▶ SUPPLIED INFORMATION

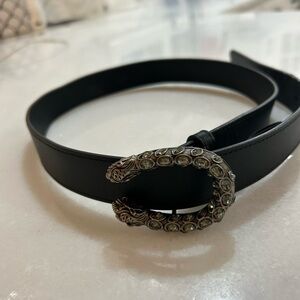 Gucci Black Belt with Embellished Buckle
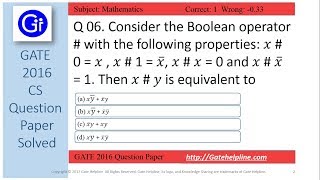 GATE 2016 CS Q6  Consider the Boolean operator   Then 𝑥  𝑦 is equivalent to [upl. by Grannie466]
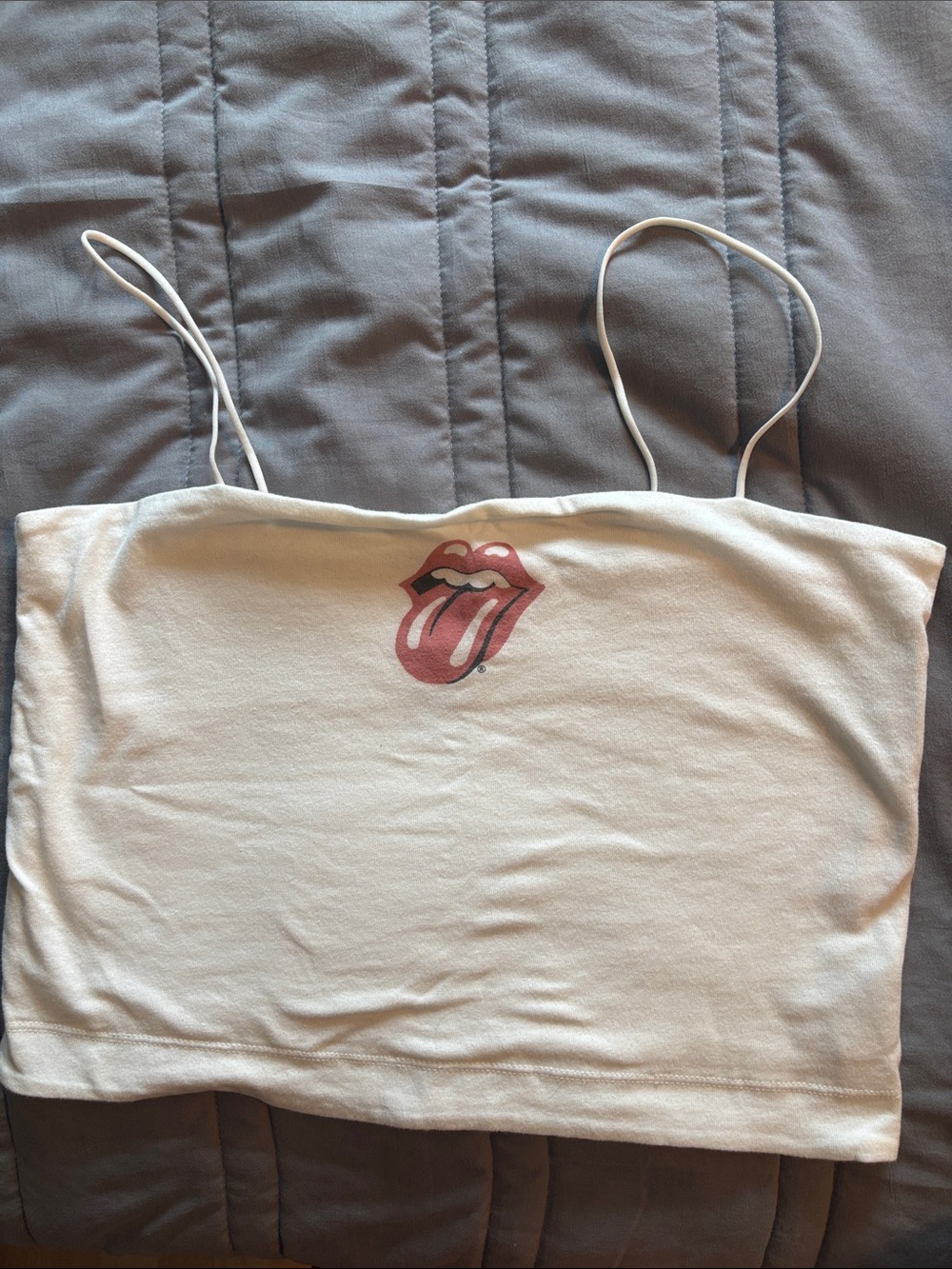 White Graphic Tube Camisole with Red Tongue Print
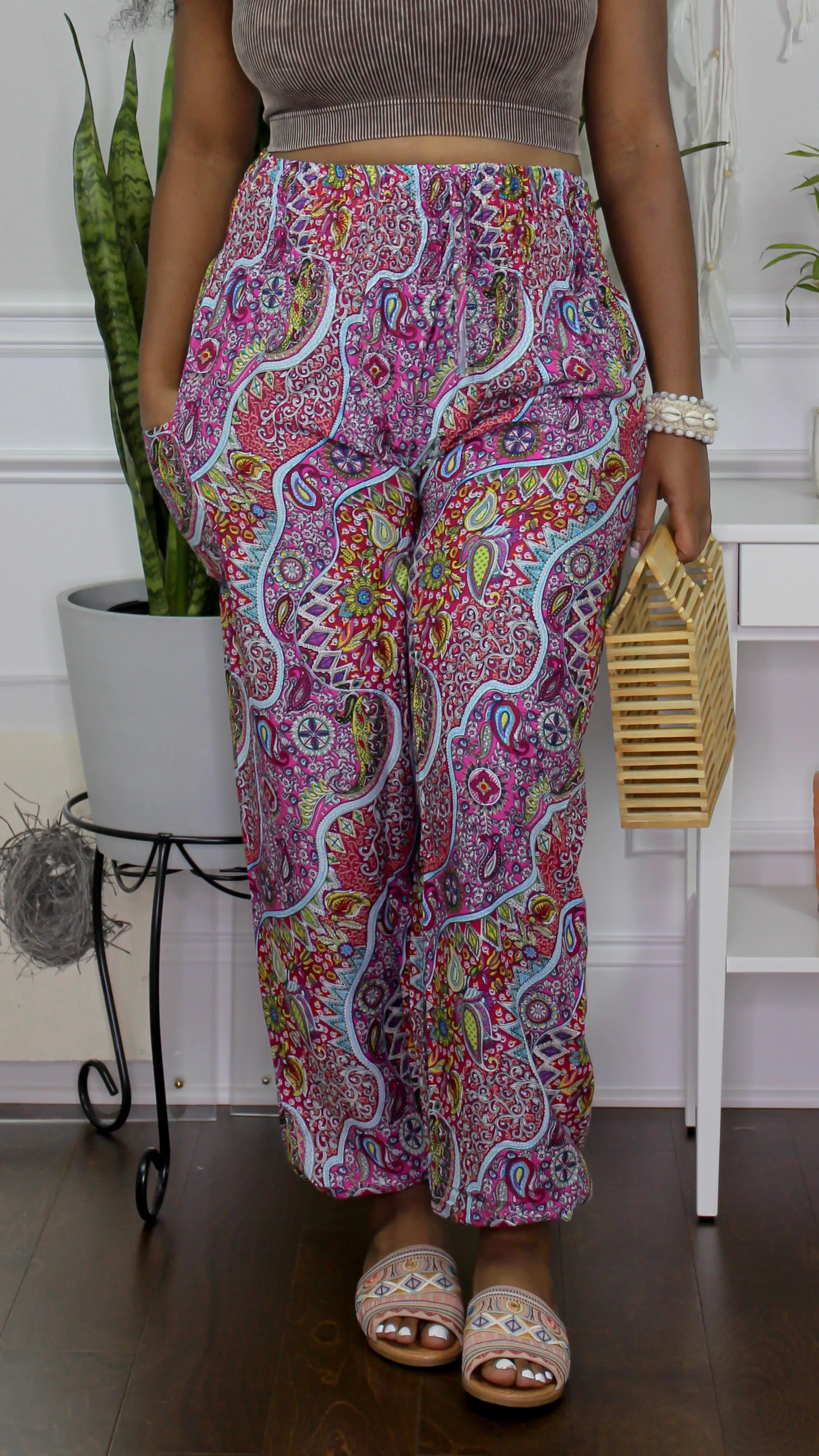 Paisley Print Harem Pants in Red & Pink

▶ WHAT IS REQUIRED
The material above is to be transcribed exactly, with all pictures omitted.

▶ REPLY TO THE TASK
 Gucci Black Belt with Embellished Buckle
 GATE 2016 CS Q6  Consider the Boolean operator   Then 𝑥  𝑦 is equivalent to [upl. by Grannie466]
 White Graphic Tube Camisole with Red Tongue Print
 Paisley Print Harem Pants in Red & Pink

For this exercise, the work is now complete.